> **RECORDS FOR THIS EXERCISE**
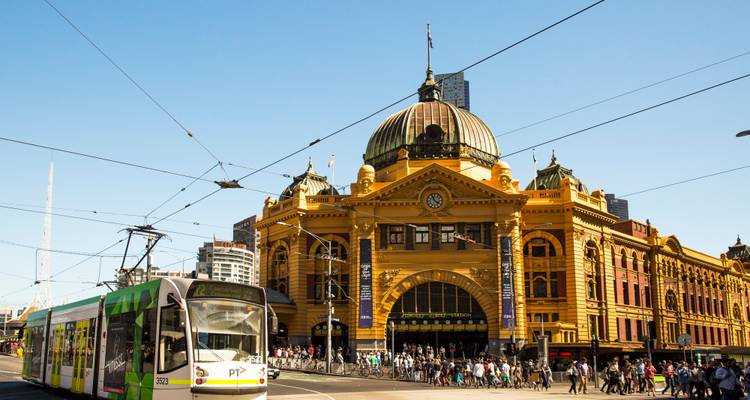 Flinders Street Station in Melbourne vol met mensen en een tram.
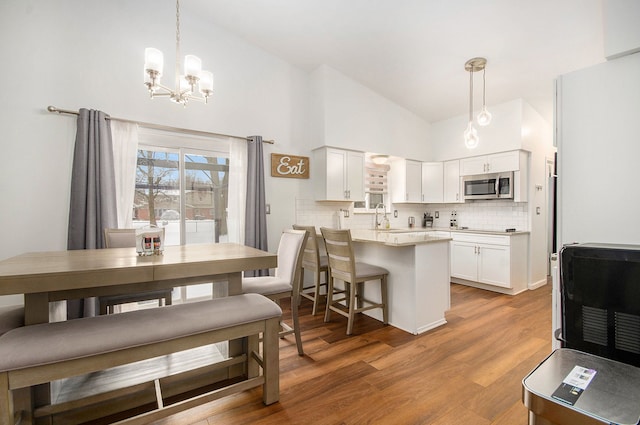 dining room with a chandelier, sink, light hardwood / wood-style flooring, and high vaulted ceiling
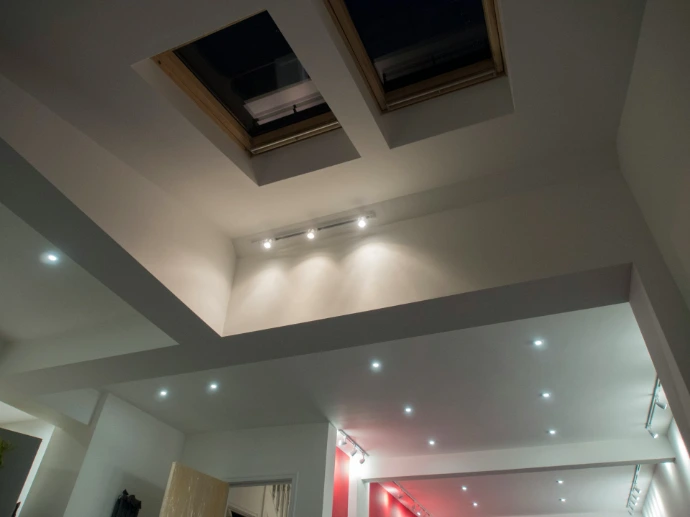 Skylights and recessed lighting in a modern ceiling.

==

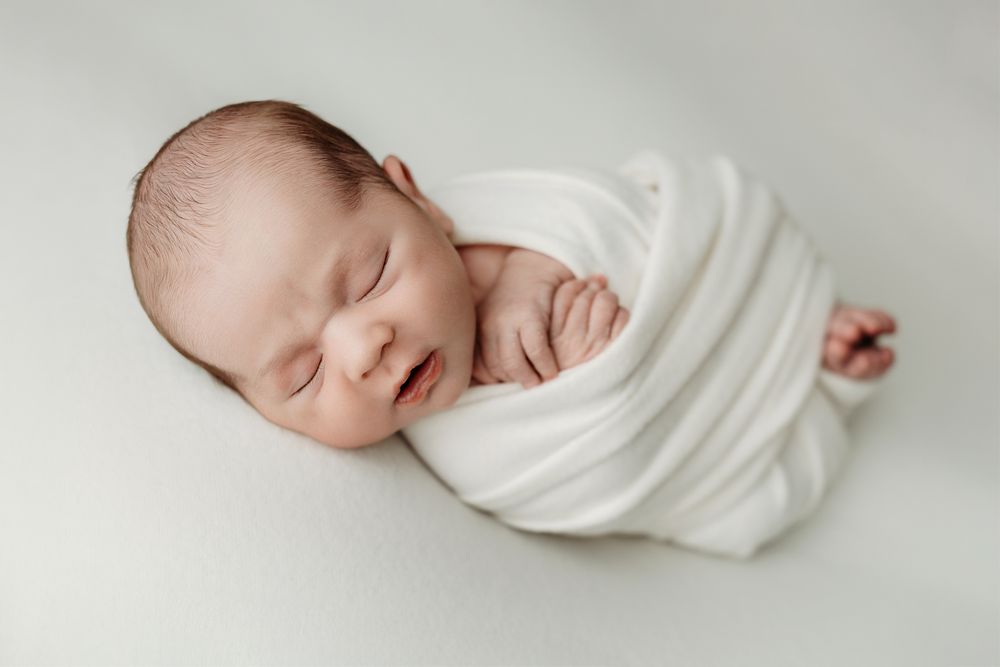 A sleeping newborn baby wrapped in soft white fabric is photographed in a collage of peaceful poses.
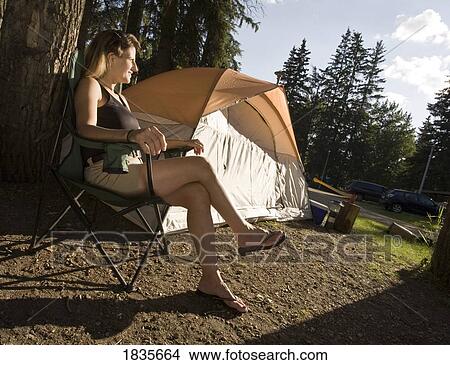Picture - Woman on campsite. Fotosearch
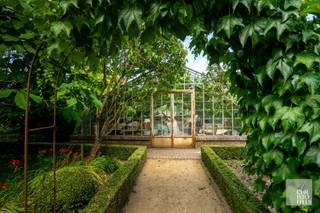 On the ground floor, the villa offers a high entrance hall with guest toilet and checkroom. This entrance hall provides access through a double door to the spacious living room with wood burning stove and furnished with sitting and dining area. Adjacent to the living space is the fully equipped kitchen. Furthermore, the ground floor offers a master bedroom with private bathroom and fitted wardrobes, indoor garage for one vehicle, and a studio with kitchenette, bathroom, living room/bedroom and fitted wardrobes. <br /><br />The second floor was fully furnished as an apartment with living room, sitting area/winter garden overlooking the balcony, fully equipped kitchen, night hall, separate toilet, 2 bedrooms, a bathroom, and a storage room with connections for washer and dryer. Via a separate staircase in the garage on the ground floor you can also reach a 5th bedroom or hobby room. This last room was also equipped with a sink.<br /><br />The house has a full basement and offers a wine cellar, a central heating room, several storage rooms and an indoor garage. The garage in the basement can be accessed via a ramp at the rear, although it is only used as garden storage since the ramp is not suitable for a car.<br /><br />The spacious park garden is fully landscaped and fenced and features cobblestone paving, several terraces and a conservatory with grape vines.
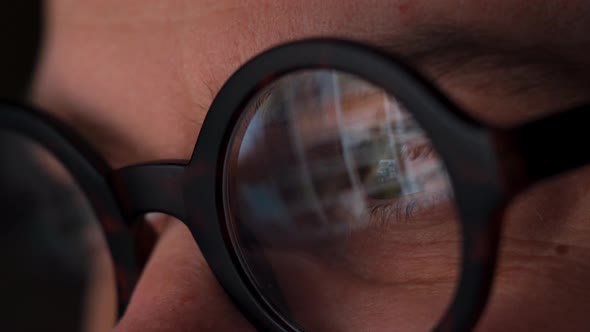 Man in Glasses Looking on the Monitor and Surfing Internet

> **WHAT THIS TASK INVOLVES**
Take the material above from the line containing "Flinders Street Station" up to and including the line containing "Skylights and recessed" and retype it exactly, without any pictures.

> **OUTPUT OF THE TASK**
 Flinders Street Station in Melbourne vol met mensen en een tram.
 dining room with a chandelier, sink, light hardwood / wood-style flooring, and high vaulted ceiling
 Skylights and recessed lighting in a modern ceiling.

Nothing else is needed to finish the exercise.